Start of RAW DATA

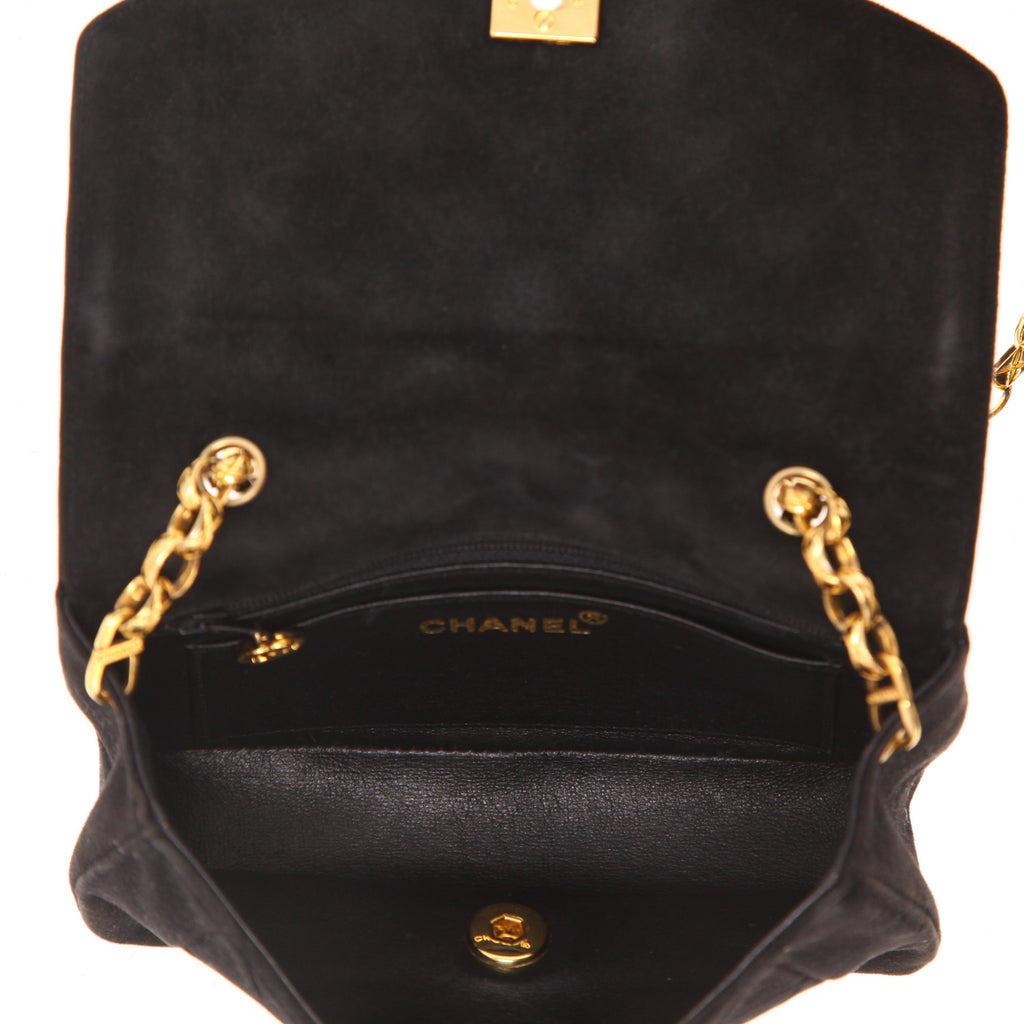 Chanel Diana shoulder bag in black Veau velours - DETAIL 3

End of RAW DATA
Start of RAW DATA

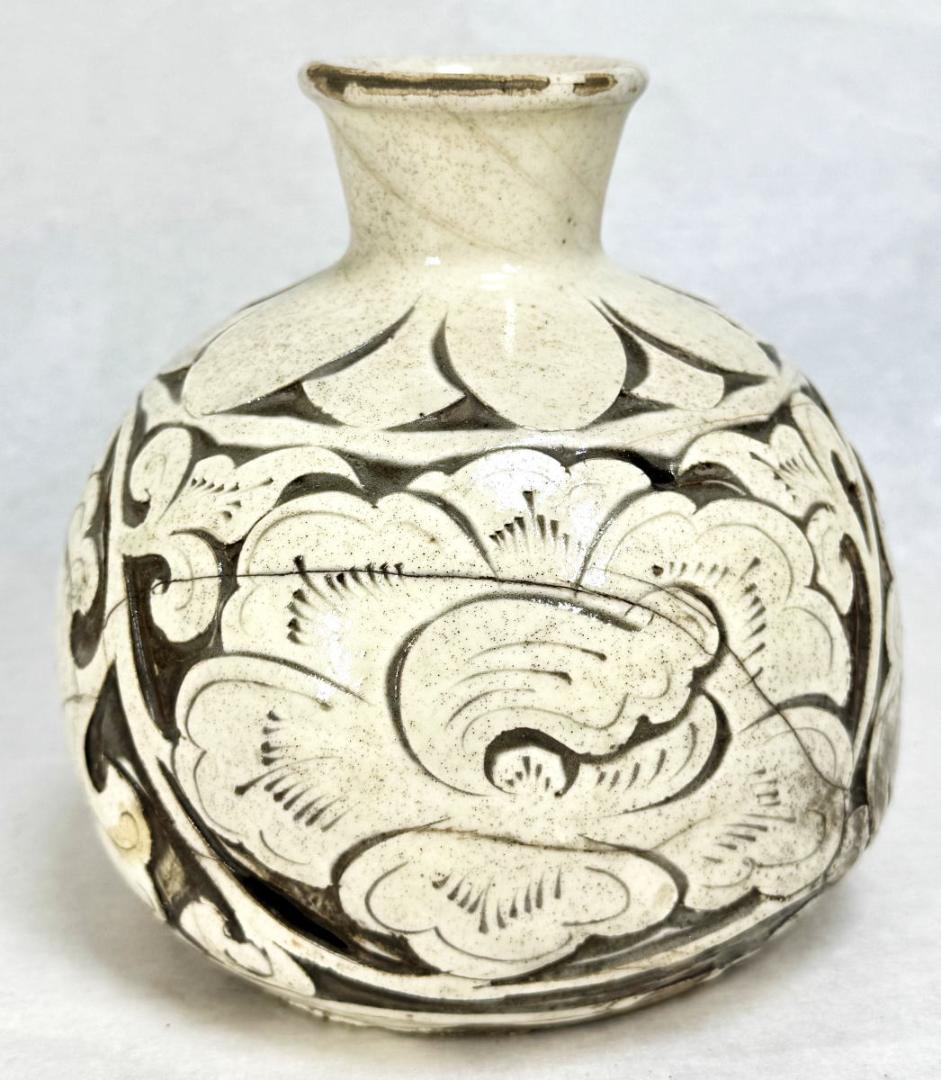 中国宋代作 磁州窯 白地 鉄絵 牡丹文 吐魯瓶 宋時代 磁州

End of RAW DATA
Start of RAW DATA

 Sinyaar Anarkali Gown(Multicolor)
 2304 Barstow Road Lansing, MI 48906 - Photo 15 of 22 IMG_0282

End of RAW DATA

In the data above, which lines lie between the line with "Sinyaar Anarkali Gown(Multicolor)" and the line with "2304 Barstow Road", inclusive? Print those lines exactly and nothing else.

 Sinyaar Anarkali Gown(Multicolor)
 2304 Barstow Road Lansing, MI 48906 - Photo 15 of 22 IMG_0282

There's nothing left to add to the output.